** WHAT TO PRODUCE **
The expected output is each line from the one containing "Sárga arany vésett karkötő" to the last line of the data below, set down exactly, minus the pictures.

-*-

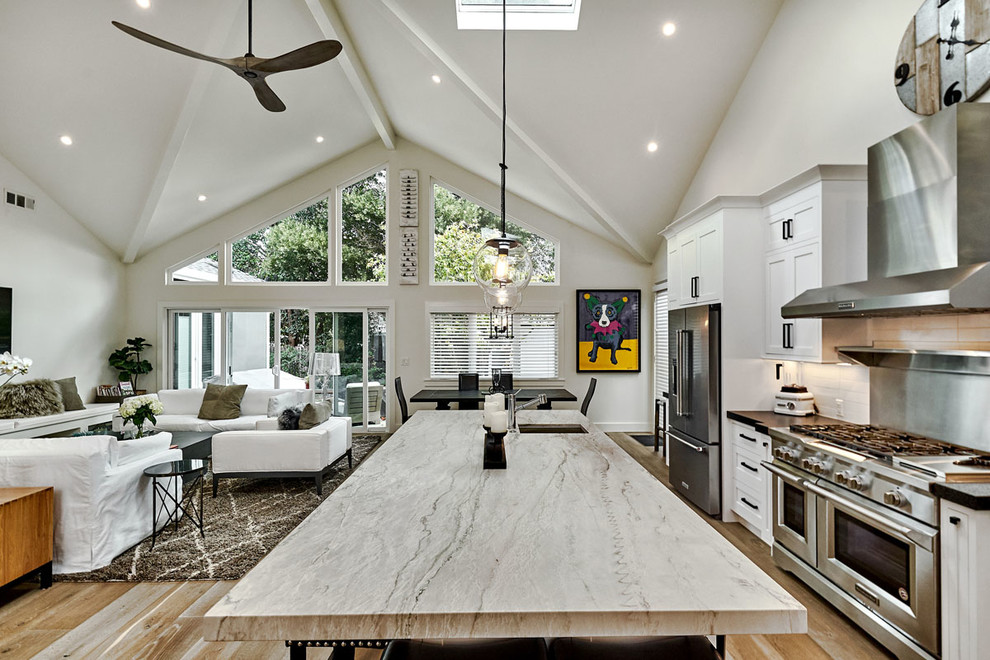 Design ideas for a large modern l-shaped open plan kitchen in San Francisco with an undermount sink, beaded inset cabinets, white cabinets, granite benchtops, white splashback, ceramic splashback, stainless steel appliances, with island, beige floor and light hardwood floors.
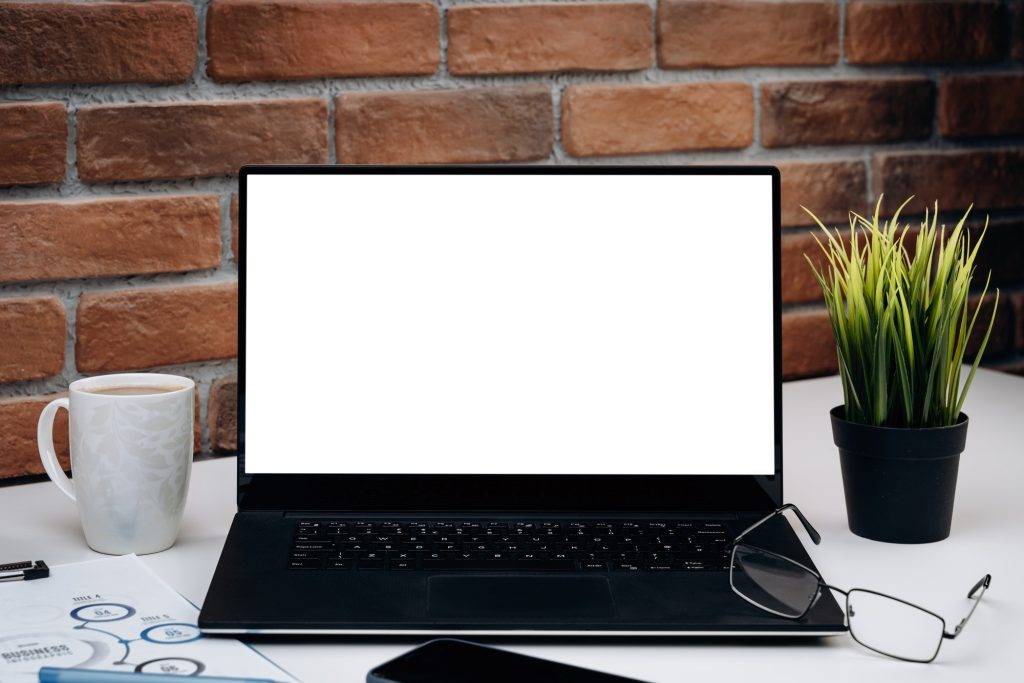 Working desk with blank screen laptop.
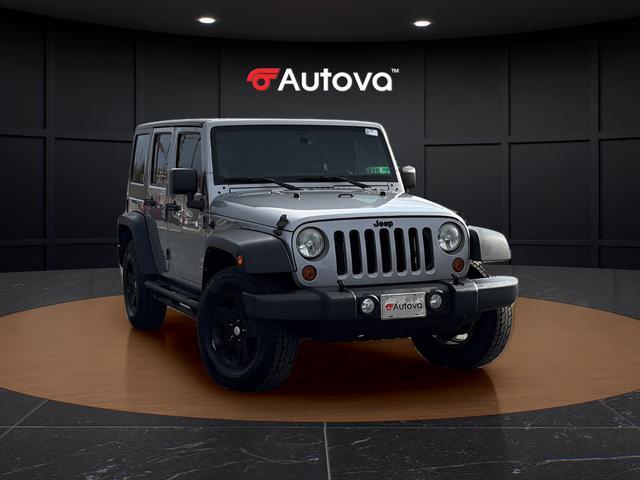 used 2013 Jeep Wrangler Unlimited car, priced at $16,798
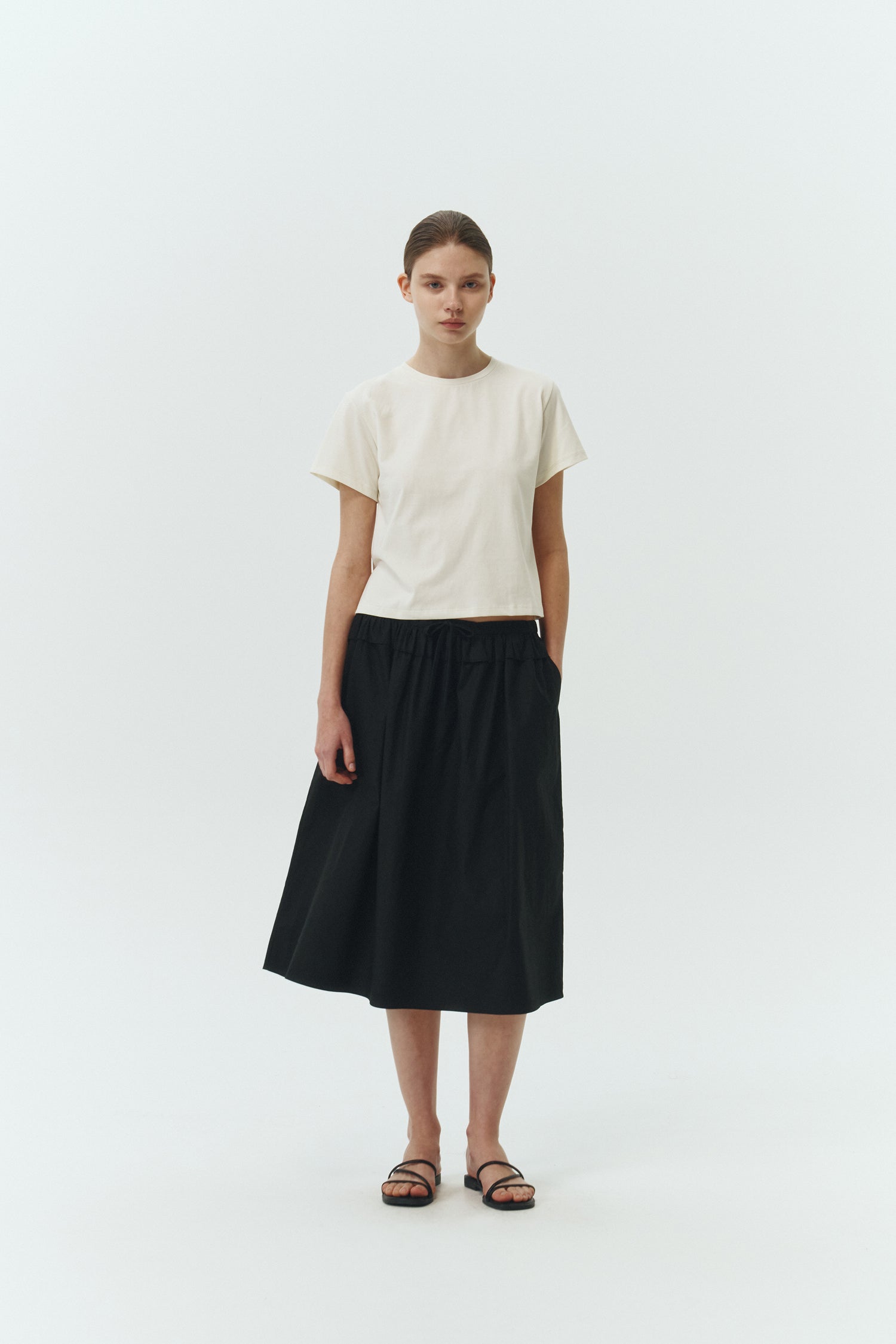 Maryam Skirt in black, a midi cotton skirt with shirred waistband, drawstring detail, side pockets, and a softly flared silhouette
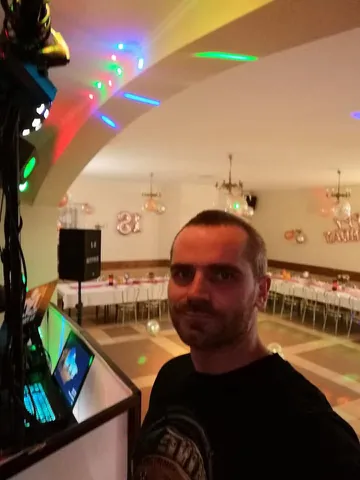 Bogumił Rydelski przy konsoli, w tle sala udekorowana na osiemnastkę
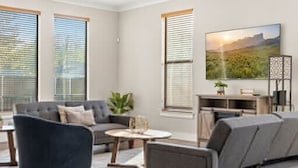A modern living room with a sofa set, a coffee table, and a TV on a stand. - Trinity Groves Retreat Large Modern 5 BR Home (Dallas)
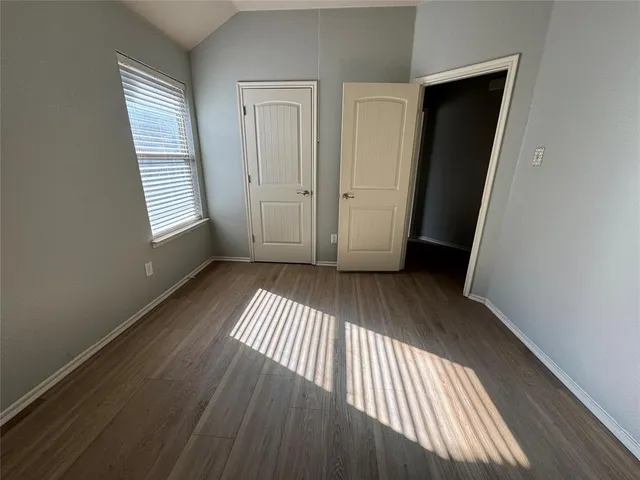 an entryway with wooden floor and closet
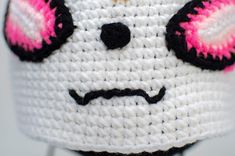 a white crocheted bag with pink eyes and nose on it's head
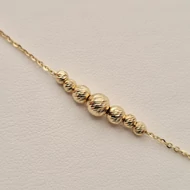 Sárga arany vésett karkötő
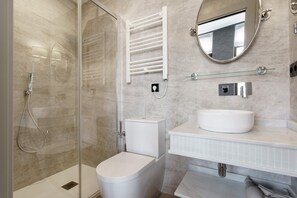 Een moderne badkamer met een douchecabine van glas, een wit toilet, een wastafel met spiegel en een handdoekhouder.
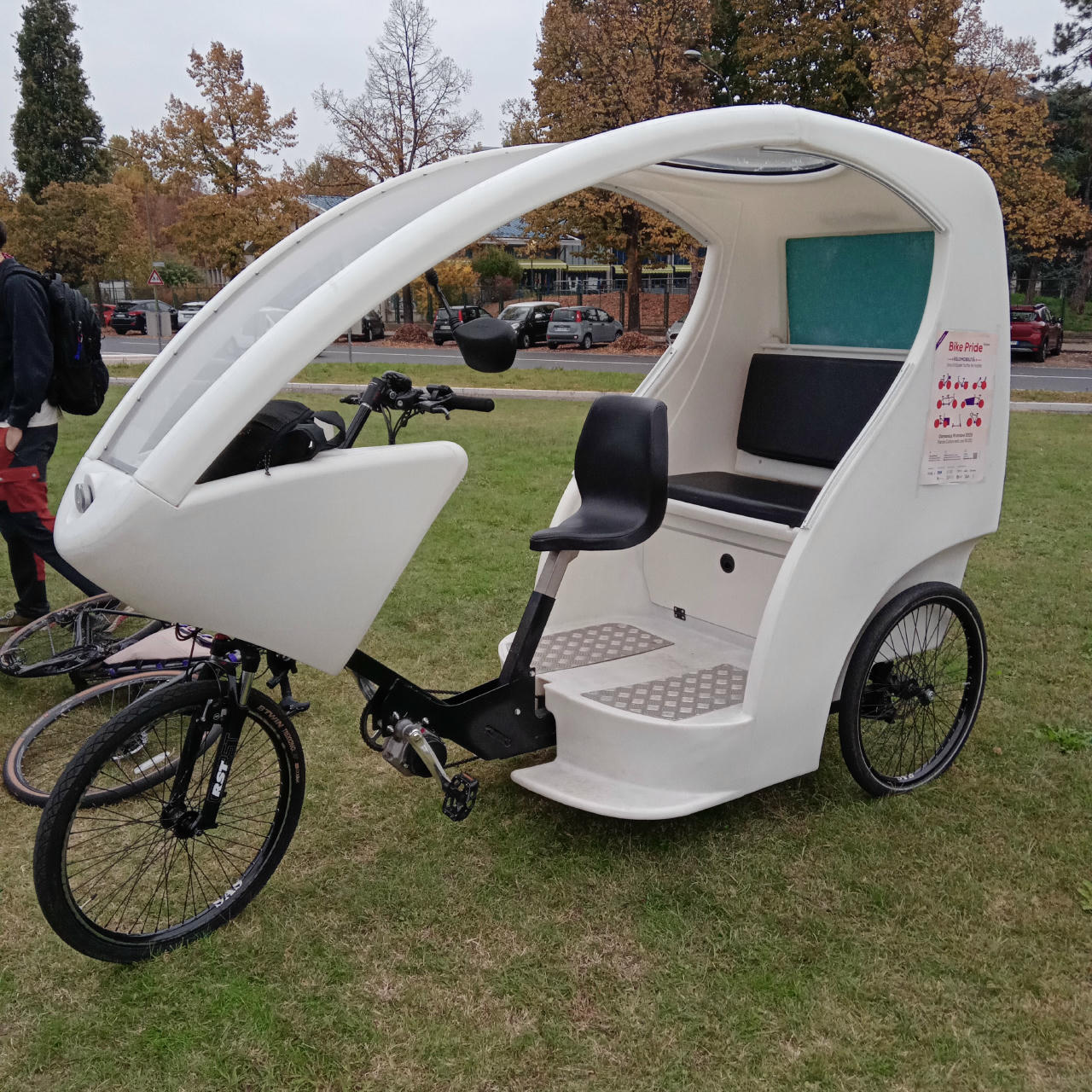 Un "rikisho" a pedalata assistita, con due posti oltre a chi pedala, tutti coperti da eventuale pioggia. Sul fianco è appeso il volantino dell'iniziativa "Bike Pride".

-*-

** ANSWER TO THIS TASK **
 Sárga arany vésett karkötő
 Een moderne badkamer met een douchecabine van glas, een wit toilet, een wastafel met spiegel en een handdoekhouder.
 Un "rikisho" a pedalata assistita, con due posti oltre a chi pedala, tutti coperti da eventuale pioggia. Sul fianco è appeso il volantino dell'iniziativa "Bike Pride".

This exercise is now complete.